I have a PHP application using these components:
I've noticed that when I start up Apache, I eventually end up 10 child processes. As time goes on, each process will grow in memory until each one approaches 10% of available memory, which begins to slow the server to a crawl since together they grow to take up 100% of memory.
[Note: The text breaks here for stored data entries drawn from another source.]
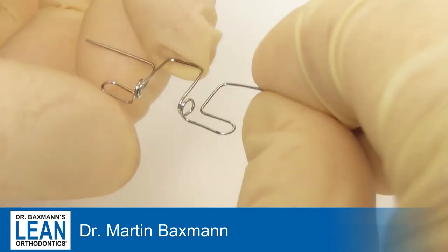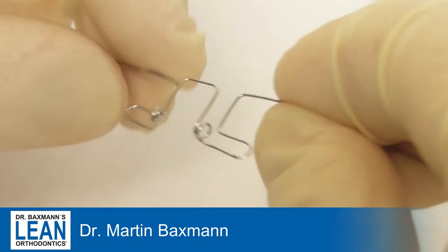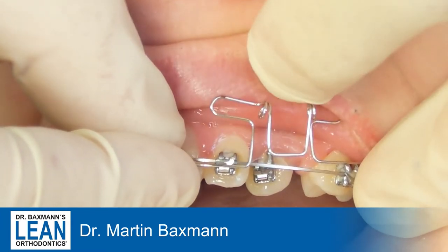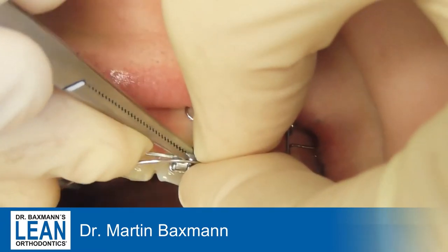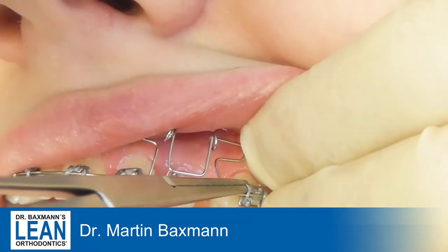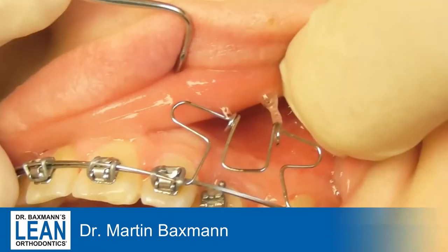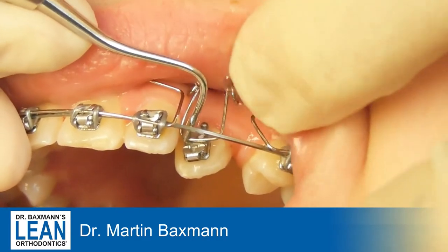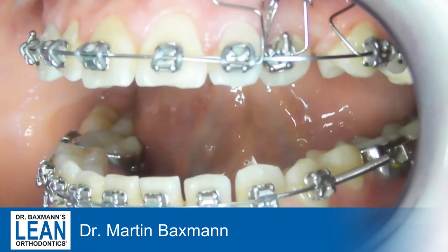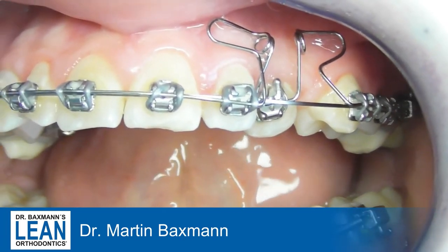Now we have to bring it into the patient's mouth. See the springy part of it — very nice. It occupies a little bit of space in the mouth, but that should be fine. We attach it at the mesial and distal parts like a piggyback wire with some extra elastics. The middle part of this spring goes in the slot of the canine, and you can see it will intrude the canine and bring it to the buccal side at the same time.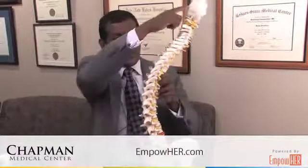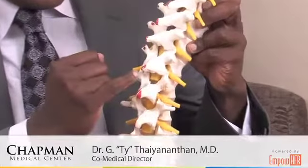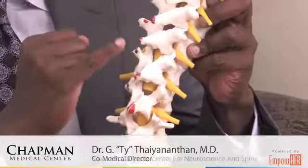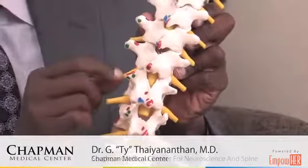A very general description of what decompression could be: this is a model of the spine, where the head would be up here and the pelvis down here. The yellow strings coming out on the side are nerve roots, and a decompression could be a procedure as simple as just removing a little bit of bone where the nerve roots are coming from to create some extra space.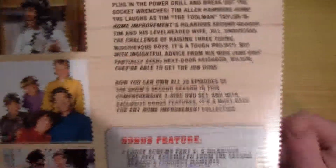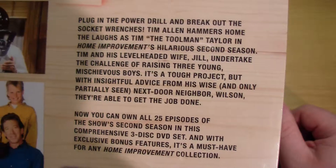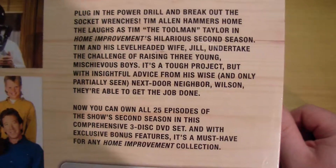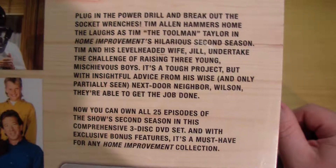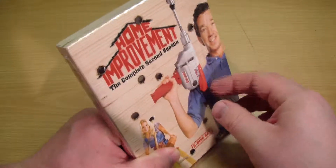Let's just read this real quick. 'Plug in the power drill and break out the socket wrenches — Tim Allen hammers home the laughs as Tim the Tool Man Taylor in Home Improvement's hilarious second season. Tim and his level-headed wife Jill undertake the challenges of raising three young mischievous boys. With insightful advice from his wise and only partially seen next-door neighbor Wilson, they're able to get the job done. Now you can own all 25 episodes of the show's second season in this comprehensive three-disc DVD set with exclusive bonus features.' You've got some pictures here — they're so young, it's crazy. 588 minutes — quite a lot of enjoyment for thirteen dollars.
Here is a snapshot of my top output:
PID USER PR NI VIRT RES SHR S %CPU %MEM TIME+ COMMAND
1471 apache 16 0 626m 201m 18m S 0.0 10.2 1:11.02 httpd
1470 apache 16 0 622m 198m 18m S 0.0 10.1 1:14.49 httpd
1469 apache 16 0 619m 197m 18m S 0.0 10.0 1:11.98 httpd
1462 apache 18 0 622m 197m 18m S 0.0 10.0 1:11.27 httpd
1460 apache 15 0 622m 195m 18m S 0.0 10.0 1:12.73 httpd
1459 apache 16 0 618m 191m 18m S 0.0 9.7 1:13.00 httpd
1461 apache 18 0 616m 190m 18m S 0.0 9.7 1:14.09 httpd
1468 apache 18 0 613m 190m 18m S 0.0 9.7 1:12.67 httpd
7919 apache 18 0 116m 75m 15m S 0.0 3.8 0:19.86 httpd
9486 apache 16 0 97.7m 56m 14m S 0.0 2.9 0:13.51 httpd
I have no long-running scripts (they all terminate eventually, the longest being maybe 2 minutes long), and I am working under the assumption that once each script terminates, the memory it uses gets deallocated. (Maybe someone can correct me on that).
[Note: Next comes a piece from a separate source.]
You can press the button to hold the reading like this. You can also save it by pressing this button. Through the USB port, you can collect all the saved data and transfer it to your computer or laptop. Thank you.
My hunch is that it could be APC, since it stores data between requests, but at the same time, it seems weird that it would store data inside the httpd process.
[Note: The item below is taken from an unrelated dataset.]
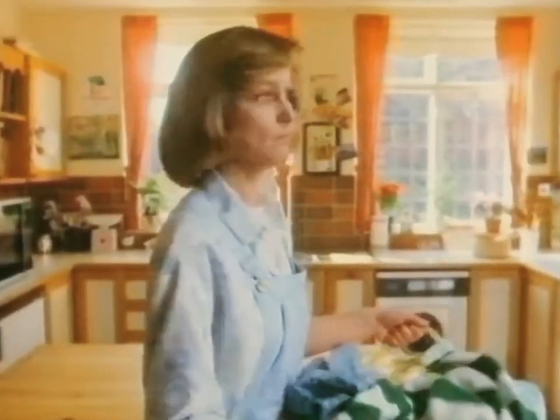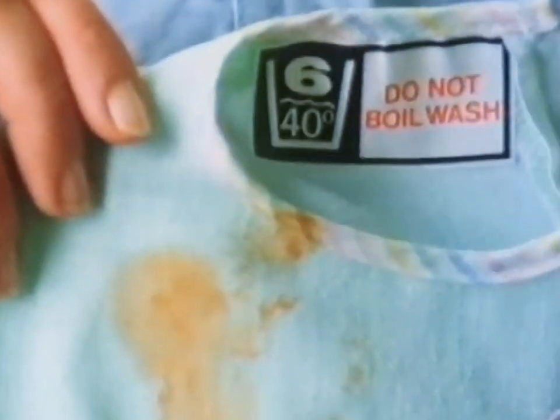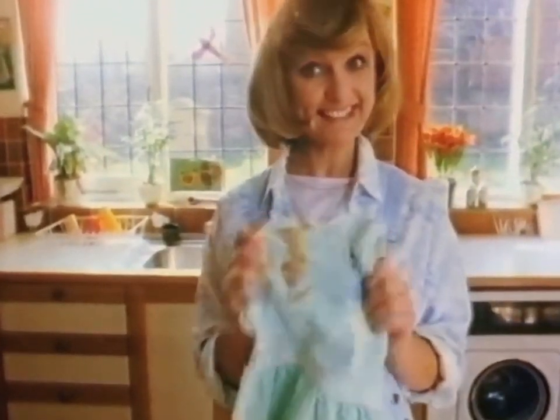What are you supposed to do? When mud says hot, but the label says not. When sauce says hot, but the label says not. At low temperatures like these, what powder can get this clean?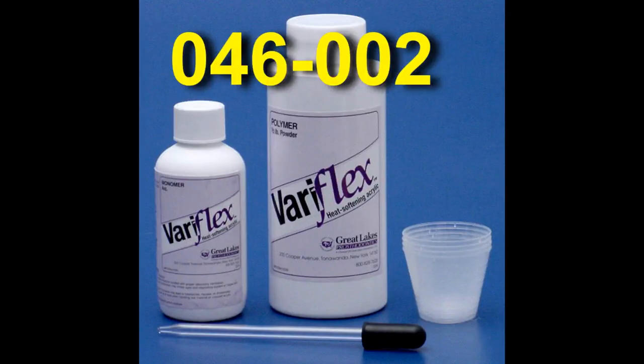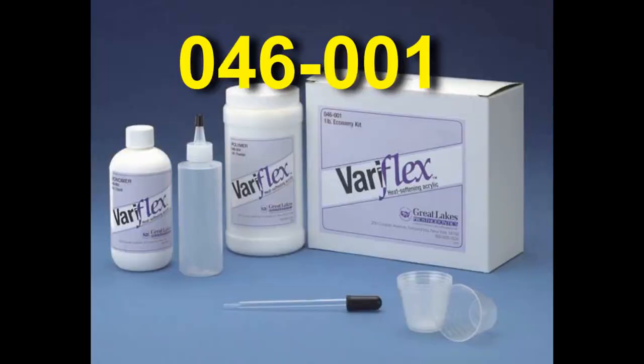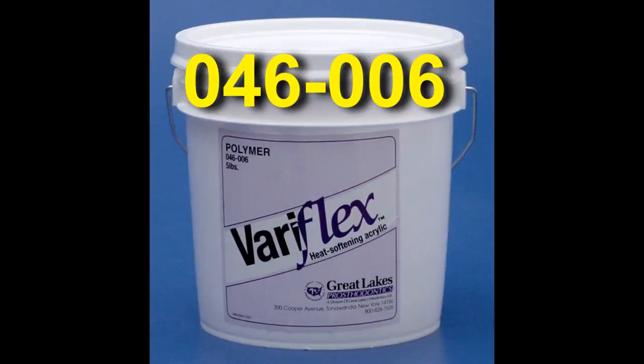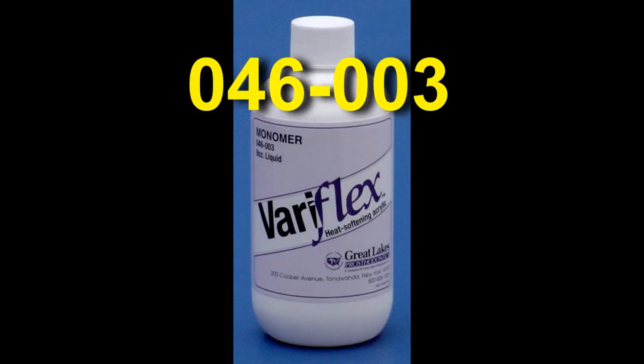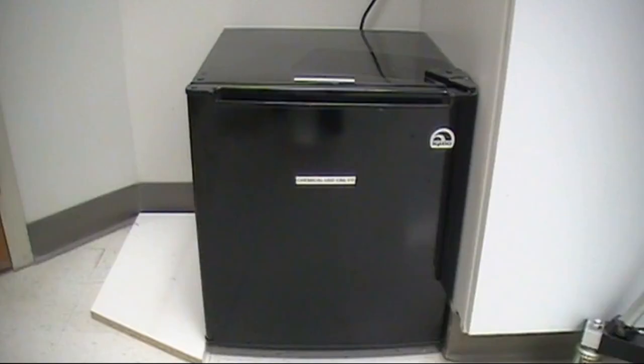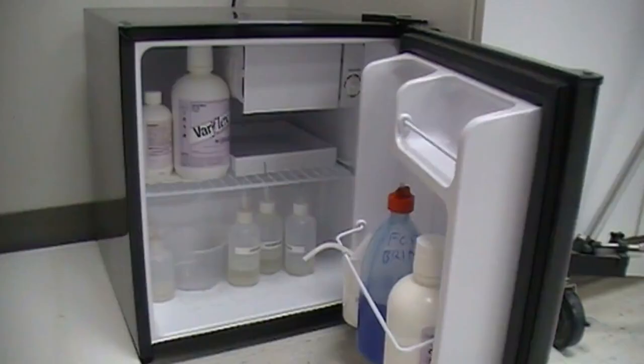Veriflex is available at Great Lakes Orthodontics in 1.5 pound starter and 1 pound economy kits. Individual components are available in 1 pound and 5 pound polymer containers, as well as 8 ounce and 1 quart monomer bottles. It is necessary to store the Veriflex monomer within a refrigerator designated for chemical use only. This will slow the set speed of the resin when mixed, making it easier to handle.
How can I track down which part of my app is causing the memory leak?
What tools can I use to see how the memory usage is growing inside the httpd process and what is contributing to it?
My hunch is that it could be APC, since it stores data between requests, but at the same time, it seems weird that it would store data inside the httpd process.
What's weird about that? That's exactly what APC does. The memory is shared between all httpd processes, though, so it's not as bad as it sounds. See Where does APC store its opcode and user variable cache? for details.